PROBLEM DESCRIPTION:
Restate the data below word for word. Leave the images out.

DATA:
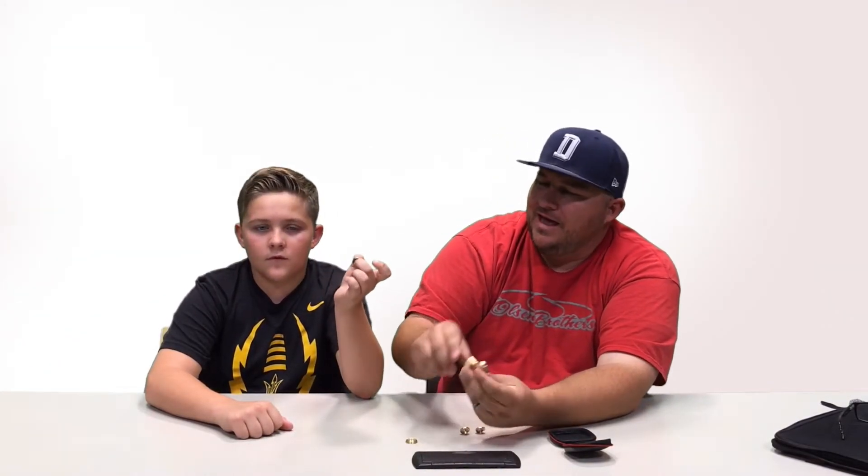You can pop out the bearing just like that. Normally there's a little tool to get this retainer off, but with this one you just have to use your finger to grip it — kind of interesting. But man, it's a good chunk of metal. I like this thing.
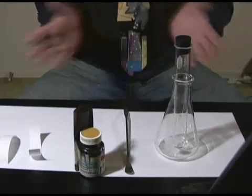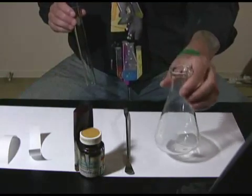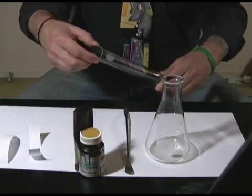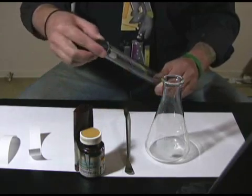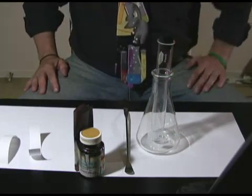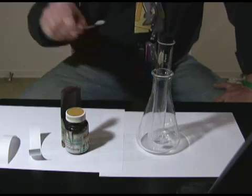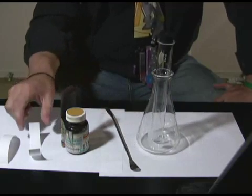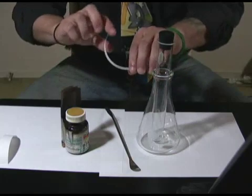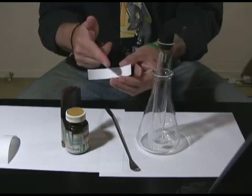Here's the equipment I need for this demonstration. This is an Erlenmeyer flask, which I'll use to support a large test tube, along with a rubber stopper. I've also got iodine crystals and a spatula to handle them. And I've got these pieces of chromatography paper — you could use filter paper — something porous that can pick up the fats in your fingerprint.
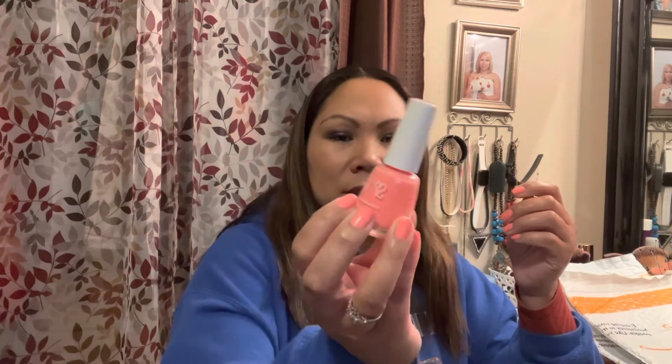I also recently purchased this beautiful coral nail polish by Deep in Dots — Deep in Dots Professional Nail Lacquer. I got it at Walmart. I love the color — I actually got three compliments at work from customers for wearing it. It's not a dark coral, it's just perfect, and it doesn't make my hands look too dark.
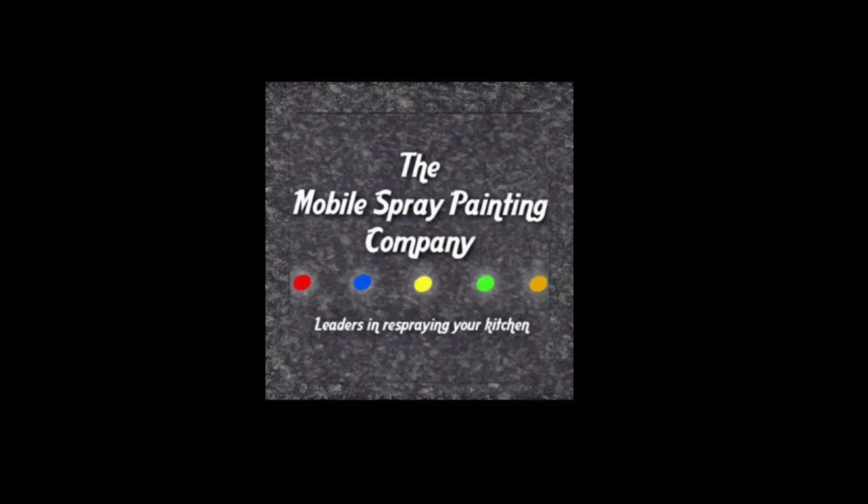Welcome to the Mobile Spray Painting Company. In today's video we'll be looking at a kitchen we've recently completed in the southwest of Sheffield. Let's get masking.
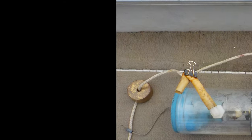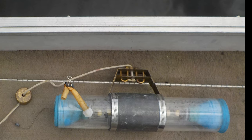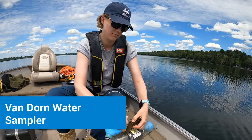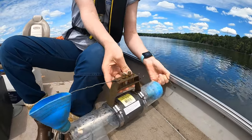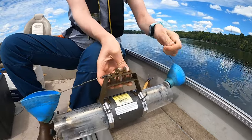Welcome to Kawartha Conservation, where protecting our water resources is at the heart of what we do. Today we invite you to discover an important tool in our water quality monitoring arsenal: the Van Dorn water sampler — a specialized device used to collect water samples from different depths in lakes, rivers, and other water bodies.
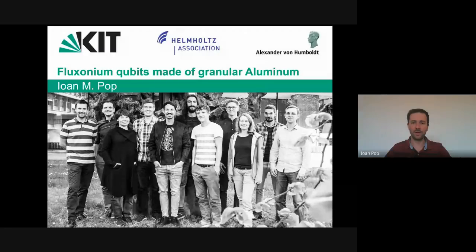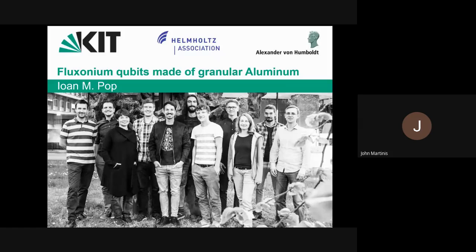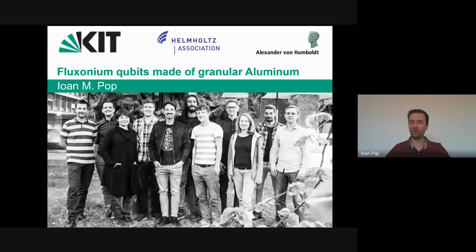Good morning or good evening everyone, depending on where you are. It's great to be here — thank you for the invitation. It's a great pleasure to share all this exciting research that was done by the people you see in the photo, back when taking a photo like this was not extremely dangerous.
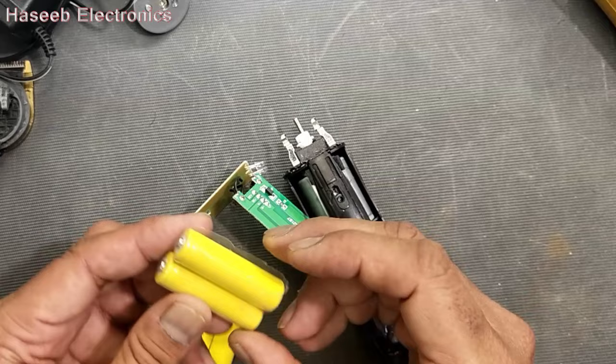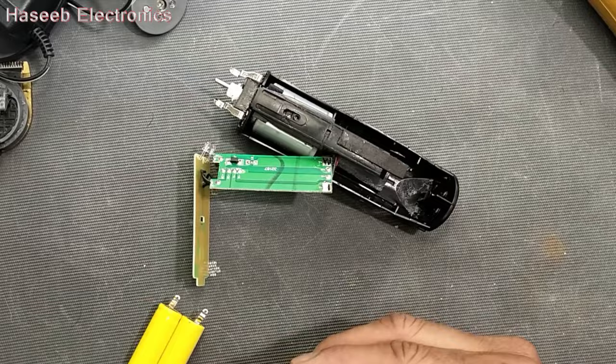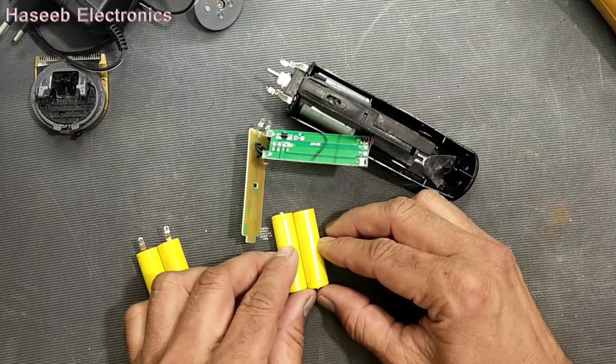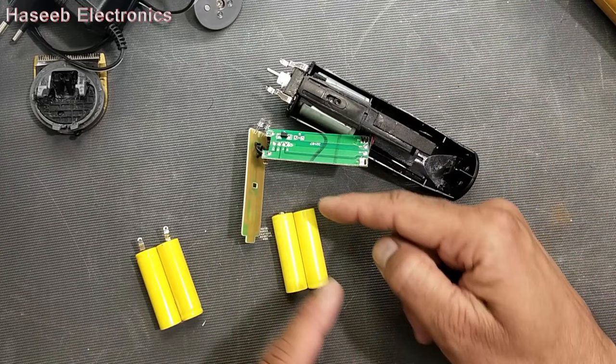I have this new battery set. We have to make it the same as before. Here it is positive, so we have to put positive here. And this end should be negative. We have to make a combination like that — make a jumper on this side so that it will come in series. We will take positive output from this point and negative output from this point.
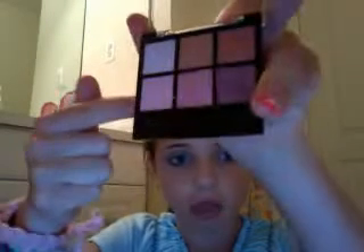And you're going to be using that color and that color. So you're just going to be taking the little purple and putting it from your lash line into your crease. I can't really see in this mirror.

PROBLEM SOLUTION:
You can pop out the bearing just like that. Normally there's a little tool to get this retainer off, but with this one you just have to use your finger to grip it — kind of interesting. But man, it's a good chunk of metal. I like this thing.
Here's the equipment I need for this demonstration. This is an Erlenmeyer flask, which I'll use to support a large test tube, along with a rubber stopper. I've also got iodine crystals and a spatula to handle them. And I've got these pieces of chromatography paper — you could use filter paper — something porous that can pick up the fats in your fingerprint.
I also recently purchased this beautiful coral nail polish by Deep in Dots — Deep in Dots Professional Nail Lacquer. I got it at Walmart. I love the color — I actually got three compliments at work from customers for wearing it. It's not a dark coral, it's just perfect, and it doesn't make my hands look too dark.
Welcome to the Mobile Spray Painting Company. In today's video we'll be looking at a kitchen we've recently completed in the southwest of Sheffield. Let's get masking.
Welcome to Kawartha Conservation, where protecting our water resources is at the heart of what we do. Today we invite you to discover an important tool in our water quality monitoring arsenal: the Van Dorn water sampler — a specialized device used to collect water samples from different depths in lakes, rivers, and other water bodies.
Good morning or good evening everyone, depending on where you are. It's great to be here — thank you for the invitation. It's a great pleasure to share all this exciting research that was done by the people you see in the photo, back when taking a photo like this was not extremely dangerous.
I have this new battery set. We have to make it the same as before. Here it is positive, so we have to put positive here. And this end should be negative. We have to make a combination like that — make a jumper on this side so that it will come in series. We will take positive output from this point and negative output from this point.
And you're going to be using that color and that color. So you're just going to be taking the little purple and putting it from your lash line into your crease. I can't really see in this mirror.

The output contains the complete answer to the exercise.